→ **YOUR TASK**:
Exclude every picture. Output verbatim the lines from the one containing "This picture taken" to the end of the data.

Crawled caption data
◆ ◆ ◆ ◆
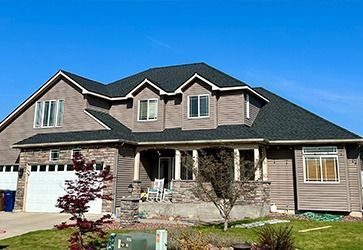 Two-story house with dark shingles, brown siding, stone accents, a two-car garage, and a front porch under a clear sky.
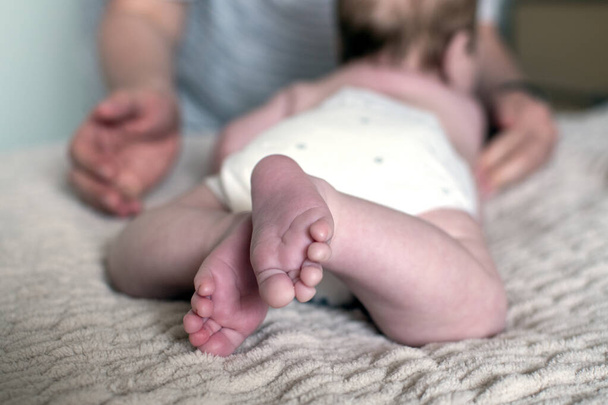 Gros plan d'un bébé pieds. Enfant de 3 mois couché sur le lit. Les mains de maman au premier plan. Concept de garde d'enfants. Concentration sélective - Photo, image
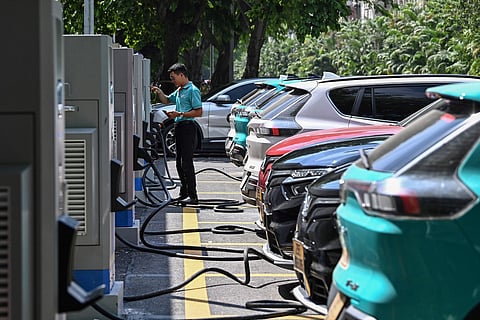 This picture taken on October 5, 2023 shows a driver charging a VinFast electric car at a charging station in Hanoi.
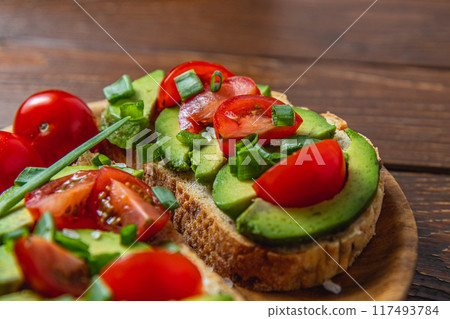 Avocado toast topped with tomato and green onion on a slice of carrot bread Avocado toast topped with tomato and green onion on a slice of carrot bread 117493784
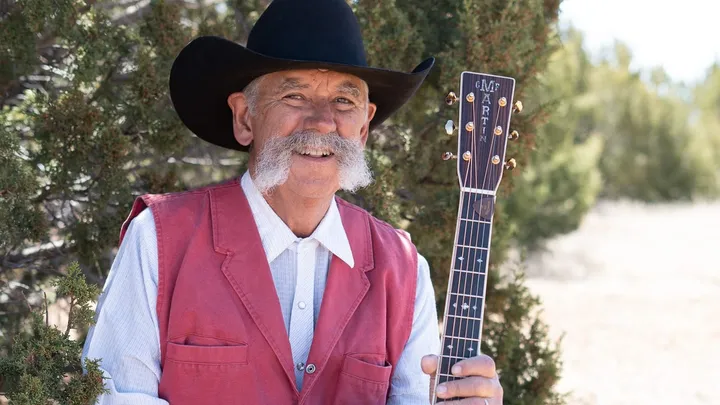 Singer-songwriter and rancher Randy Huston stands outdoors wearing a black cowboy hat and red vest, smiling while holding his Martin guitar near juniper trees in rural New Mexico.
◆ ◆ ◆ ◆
→ **EXERCISE SOLUTION**:
 This picture taken on October 5, 2023 shows a driver charging a VinFast electric car at a charging station in Hanoi.
 Avocado toast topped with tomato and green onion on a slice of carrot bread Avocado toast topped with tomato and green onion on a slice of carrot bread 117493784
 Singer-songwriter and rancher Randy Huston stands outdoors wearing a black cowboy hat and red vest, smiling while holding his Martin guitar near juniper trees in rural New Mexico.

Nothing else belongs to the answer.